L’aspetto più sgradevole del comportamento di Silvio Berlusconi non è che è un buffone sciovinista, né che corre dietro a donne di 50 anni più giovani di lui, abusando della sua posizione per offrire loro posti di lavoro come modelle, assistenti o perfino, assurdamente, come candidate al Parlamento Europeo. Ciò che è più scioccante è il completo disprezzo con cui tratta l’opinione pubblica italiana. L’attempato Dongiovanni può trovare divertente o anche temerario agire da playboy, vantarsi delle sue conquiste, umiliare la moglie e fare apprezzamenti che molte donne troverebbero grottescamente inappropriati. Ma quando vengono poste domande legittime su relazioni scandalose e i giornali lo sfidano a spiegare legami che quanto meno suscitano dei dubbi, cade la maschera del pagliaccio: minaccia i giornali e le televisioni che controlla, invoca la privacy, rilascia dichiarazioni evasive e contraddittorie, e poi melodrammaticamente promette di dimettersi se si scoprisse che mente“. Così inizia l’editoriale pubblicato oggi dal misurato quotidiano britannico conservatore The Times, che osserva come “non sono solo gli elettori italiani che vogliono sapere cosa stia accadendo. Lo chiedono anche gli sconcertati alleati internazionali dell’Italia“.

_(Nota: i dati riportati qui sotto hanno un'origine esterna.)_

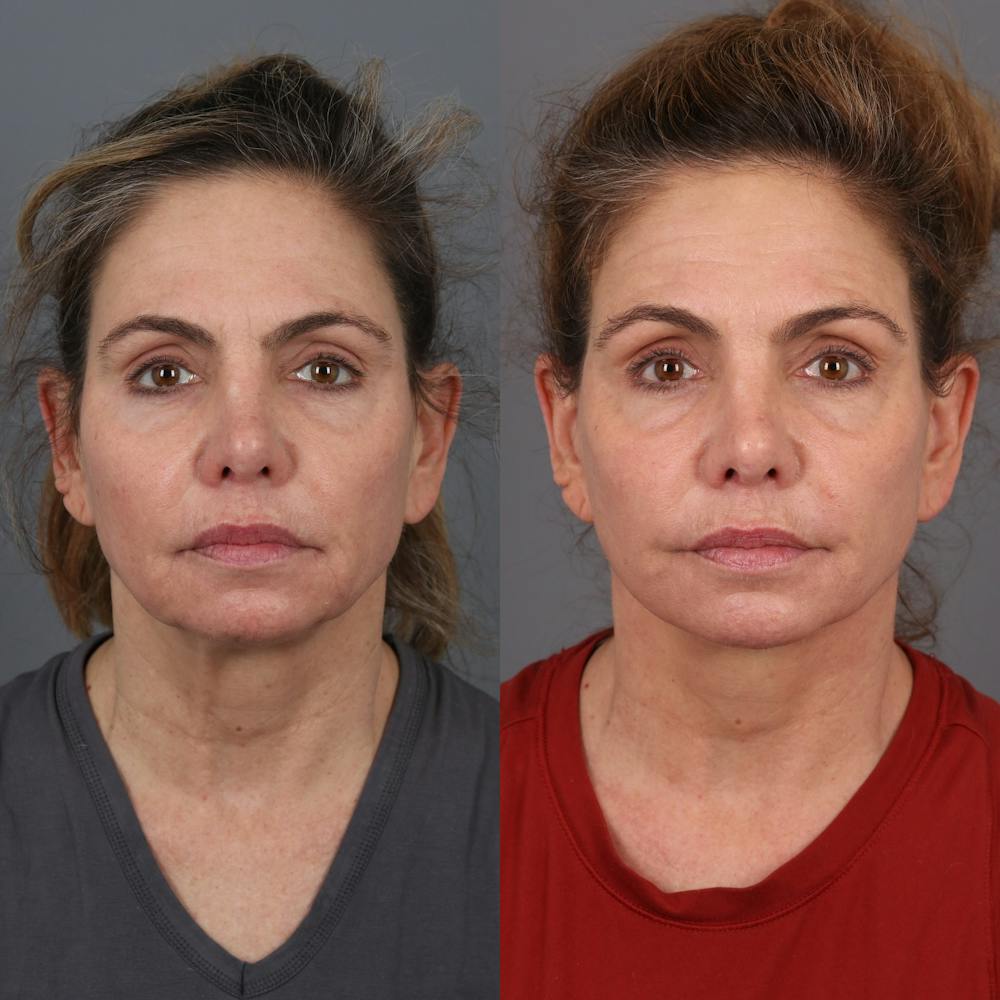 Face & Neck Lift Before & After Gallery - Patient 279782 - Image 3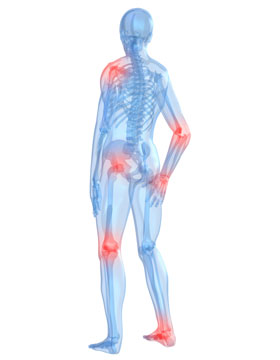 Osteoarthritis Inflammation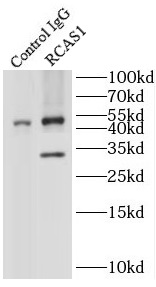 RCAS1抗体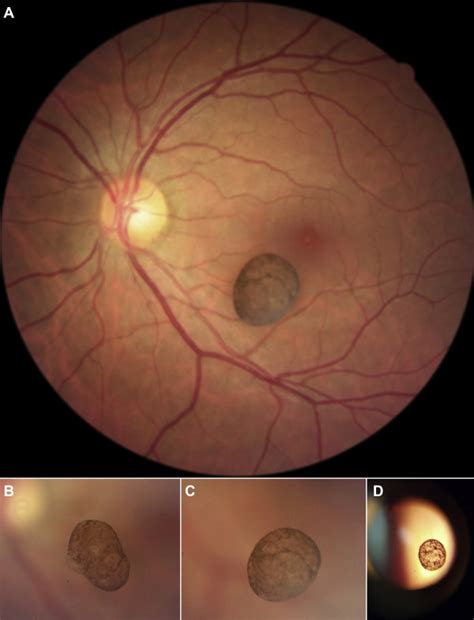 Iris Cysts A Comprehensive Review On Diagnosis And Treatment Survey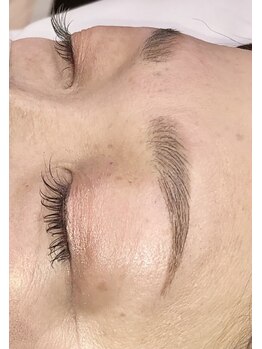 ヴィプラス(Vi+)/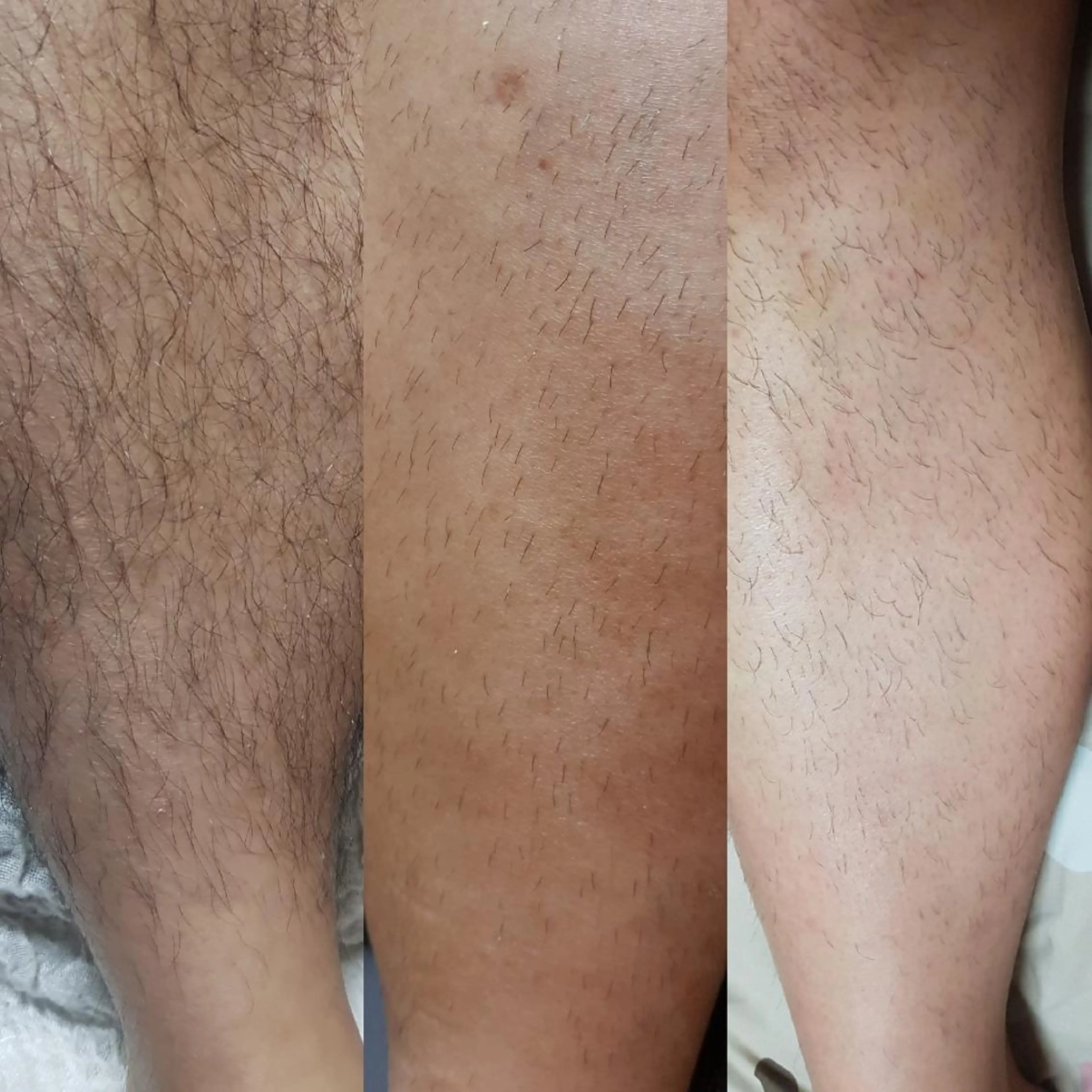 メンズ 脱毛 林 茉美のマツエク・マツパデザイン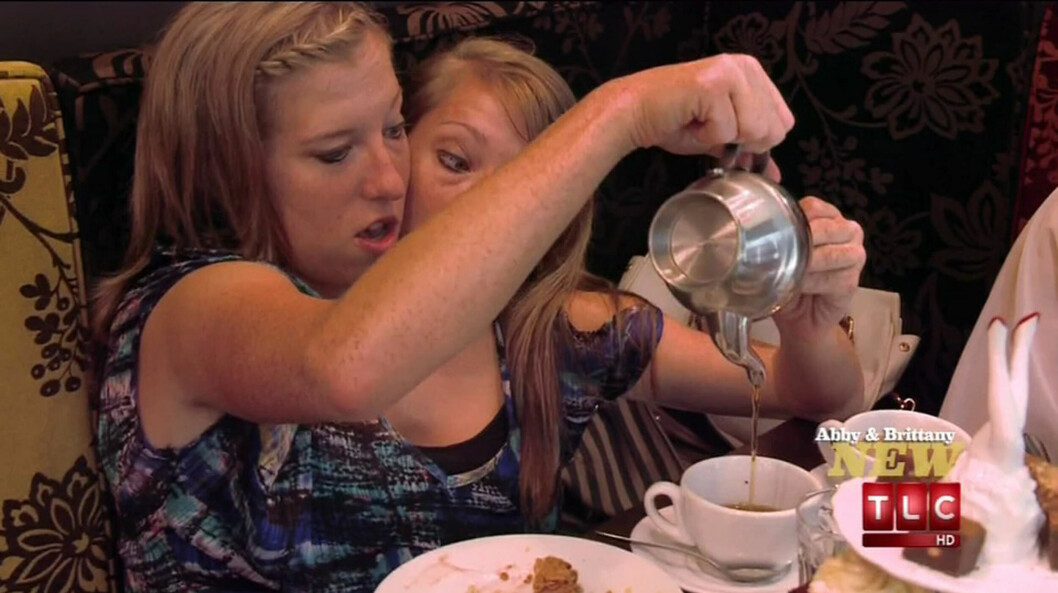 <strong>Tvillingparet Abby och Brittany Hensel är kanske världens mest kända siamesiska tvillingar.</strong> Tvillingparet Abby och Brittany Hensel är kanske världens mest kända siamesiska tvillingar.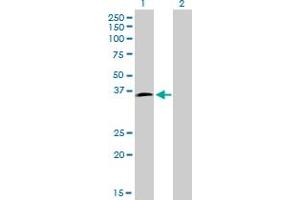 Western Blot analysis of HOXD8 expression in transfected 293T cell line by HOXD8 monoclonal antibody (M01), clone 10F8.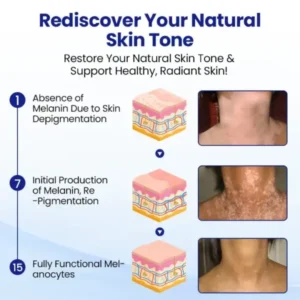Vitiligo Treatment Spray - Image 7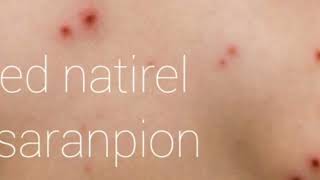 remed natirel sa bon pou sarampion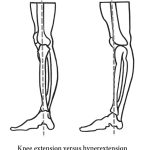 Understanding Hyperextended Knee: Causes, Symptoms, and Treatment Hyperextended Knee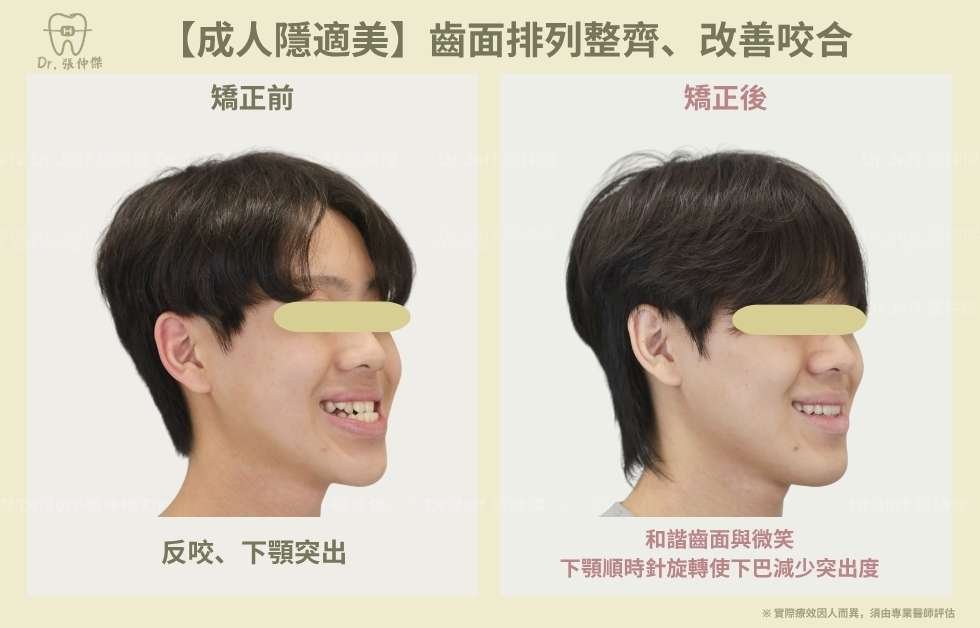 【成人隱適美】非手術改善「戽斗」、「反咬」 隱適美不拔牙 建立微笑曲線 手機 6 6【成人隱適美】齒面排列整齊、改善咬合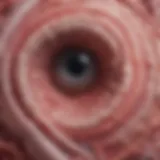 Histological view of eosinophilic infiltration in the esophagus
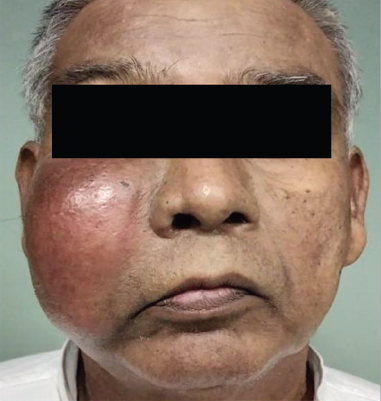 Patient with swelling on the right cheek.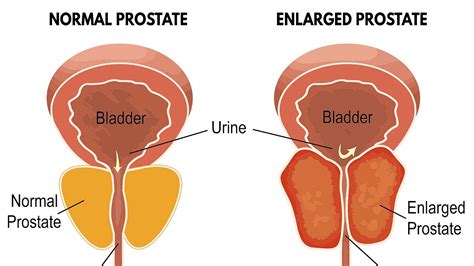 Enlarged Prostate Surgery Side Effects - Effect Choices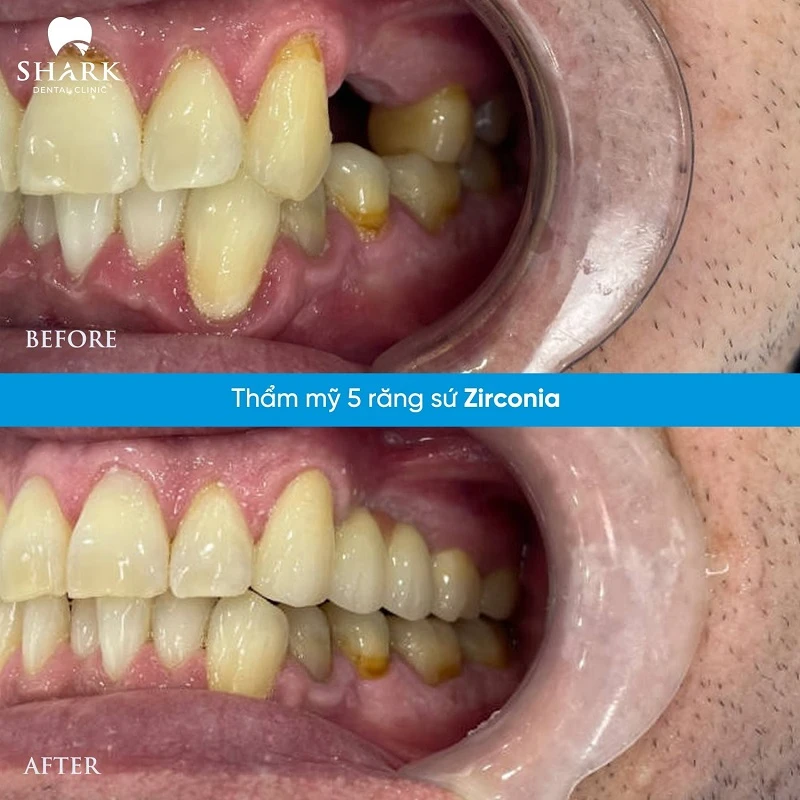 Bọc sứ răng hàm Zirconia tại Nha khoa Shark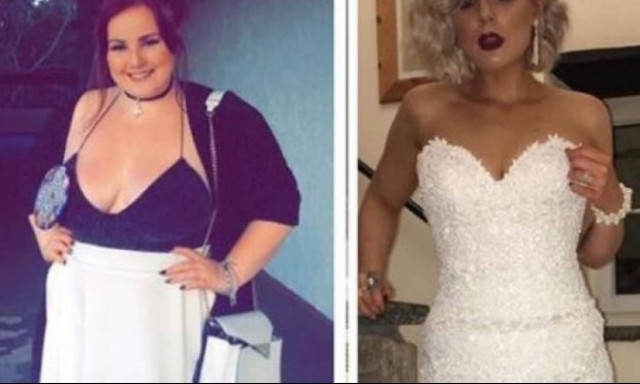 Τρομερή μεταμόρφωση: Έχασε 57 κιλά και σήμερα μοιάζει με μοντέλο! (pic)
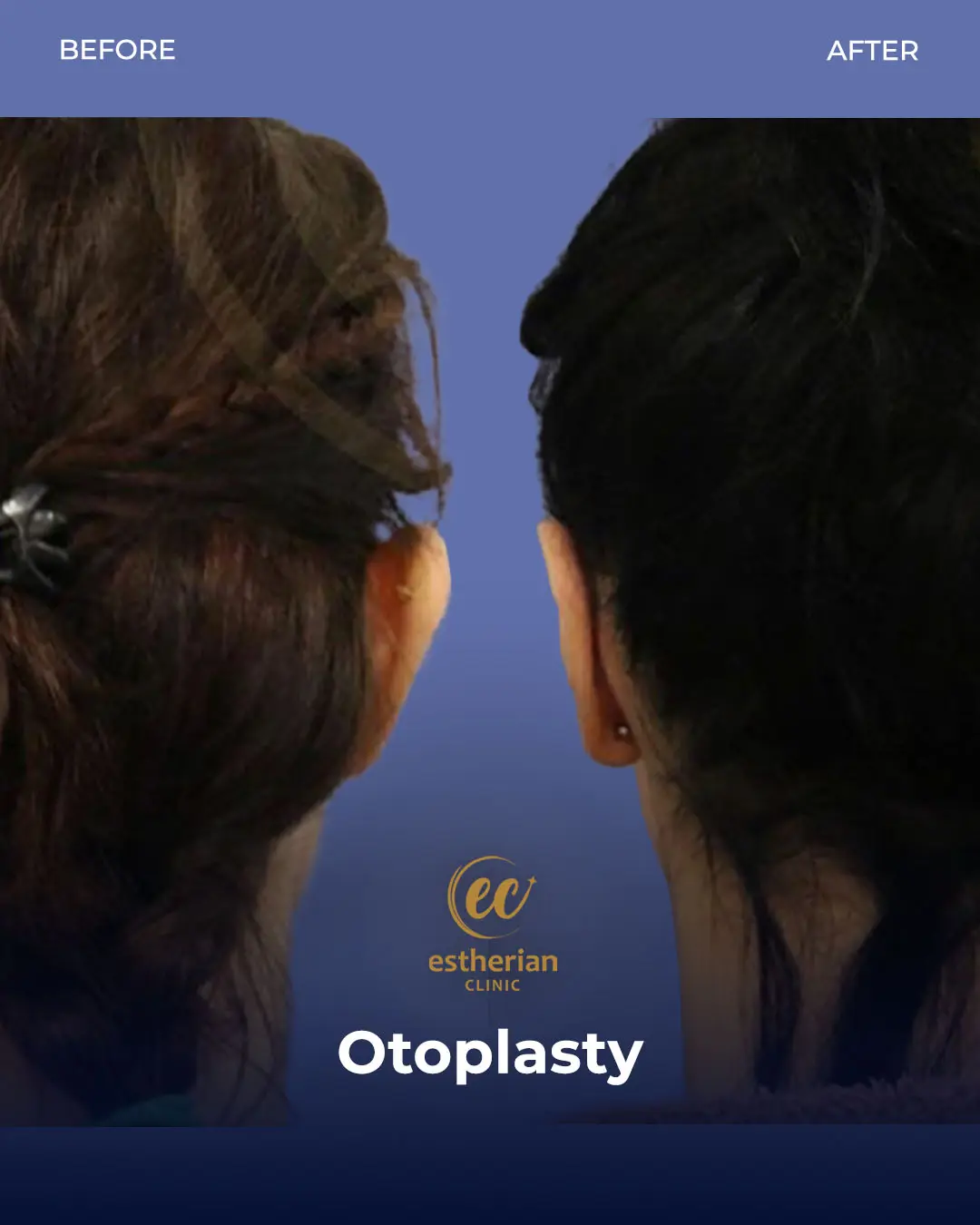 Otoplasty Before and After by the Estherian Clinic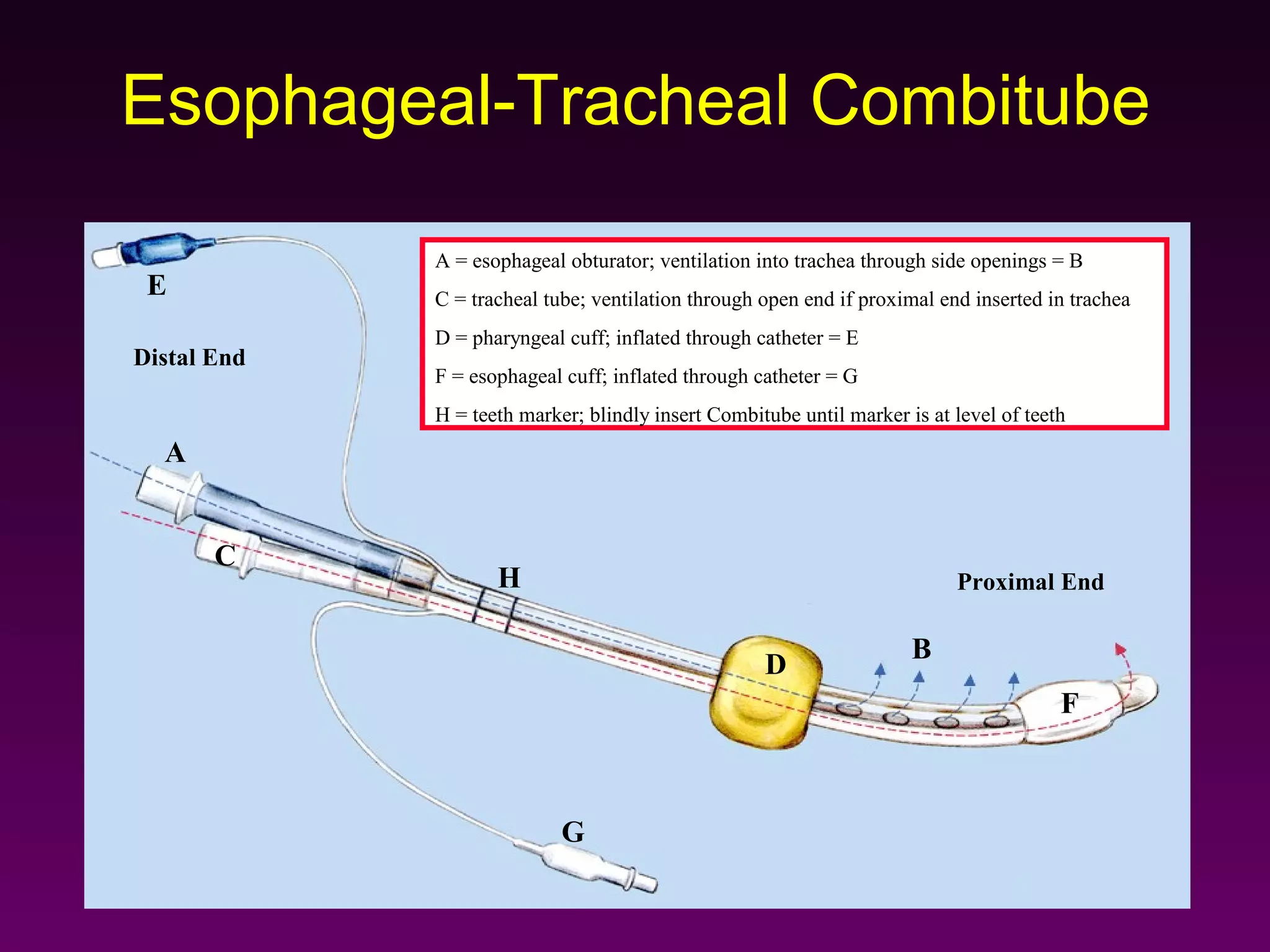 Esophageal-Tracheal Combitube

             A = esophageal obturator; ventilation into trachea through side openings = B
 E           C = tracheal tube; ventilation through open end if proximal end inserted in trachea
             D = pharyngeal cuff; inflated through catheter = E
Distal End
             F = esophageal cuff; inflated through catheter = G
             H = teeth marker; blindly insert Combitube until marker is at level of teeth
  A


       C
                    H                                                      Proximal End

                                                                      B
                                                    D
                                                                                        F



                            G
 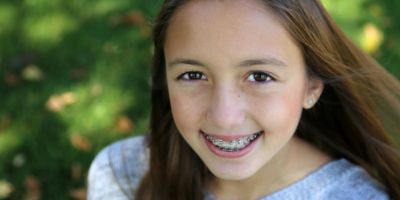 Centra Dental - Consider Early Houston Braces Treatment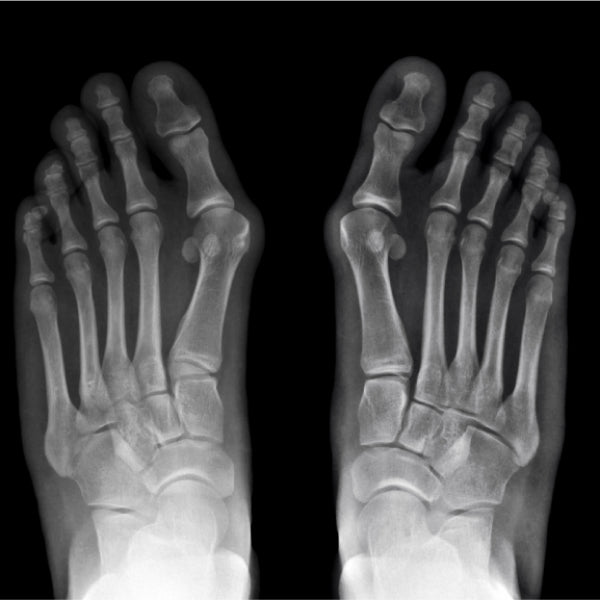 Behind the design: Our unique features for Bunion sufferers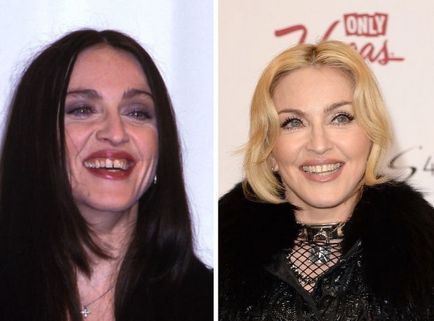 Dintii de celebritati de la Hollywood inainte si dupa o vizita la dentist, umkra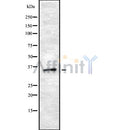 DF8704 staining Hela by IF/ICC. The sample were fixed with PFA and permeabilized in 0.1% Triton X-100,then blocked in 10% serum for 45 minutes at 25¡ãC. The primary antibody was diluted at 1/200 and incubated with the sample for 1 hour at 37¡ãC. An  Alexa Fluor 594 conjugated goat anti-rabbit IgG (H+L) Ab, diluted at 1/600, was used as the secondary antibod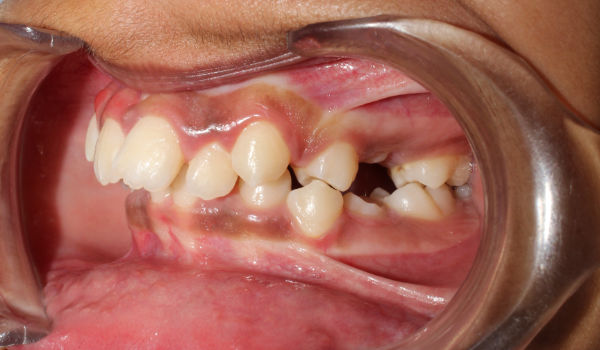 Close-up of a person’s mouth showing misaligned teeth, overbite, and dental crowding with a cheek retractor in place.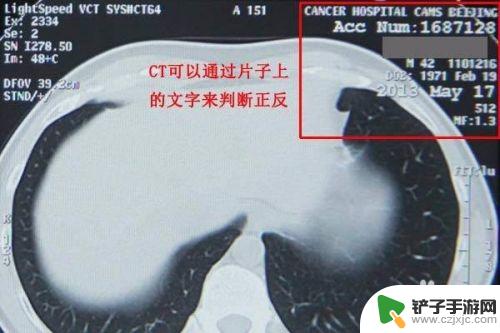 手机上怎样查医院ct片子 手机拍照医院检查影像片子步骤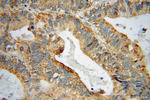 GRB14 Antibody in Immunohistochemistry (Paraffin) (IHC (P))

Il quotidiano spagnolo progressista El Pais scrive invece che le rivelazioni sulla licenziosa vita privata del premier hanno “trasformato l’Italia in un manicomio, quantunque l’entourage di Berlusconi invochi niente di meno che il coinvolgimento della CIA” e riporta (come già pubblicato ieri non solo dall’Unità ma anche dal Corriere della Sera), che le foto sequestrate ritraggono uno stuolo di ragazze, alcune apparentemente minorenni, che seminude giocano tra loro sotto la doccia, si fanno palpeggiare da Berlusconi o intrattengono l’ex premier ceco Topolanek, anche lui immortalato “senza veli“.

Inevitabile quindi – osserva il Financial Times – che impedire la pubblicazione delle foto compromettenti sia stata in questi giorni la prima preoccupazione del premier italiano (definito pochi giorni fa “un esempio deleterio per tutti“), proprio mentre venivano diffusi i dati sulla portata della crisi in Italia (PIL a -5%, disoccupazione al 10%) e la FIAT stava conducendo, da sola, una difficile trattativa con il governo tedesco per l’acquisto della OPEL. Un’accusa pesante di incapacità a governare che accomuna la “voce” del capitalismo britannico a quanto pubblicato giorni addietro da Liberation, primo giornale della sinistra francese.

Non sono voci isolate: oltreoceano, il New York Times nel commentare il Noemigate ha descritto questa Italia come avviata ad una decadenza che ricorda quella dell’impero romano descritta nel Satyricon di Fellini, mentre il settimanale Time commenta triste “Benvenuti in Berlusconistan“, accomunando così il Belpaese ad una qualunque delle satrapie ex-sovietiche, nella quale “il maestro dei manipolatori” controlla il consenso interno e opera al di fuori della legge e della credibilità internazionale.

Il punto è proprio questo: la credibilità internazionale dell’Italia, nelle redazioni dei giornali come nelle cancellerie, non è mai stata così bassa come con l’attuale governo, e il premier – che nell’esposto alla procura per il sequestro delle foto ha dichiarato lui stesso di essere ricattabile – non è adatto a rappresentarla.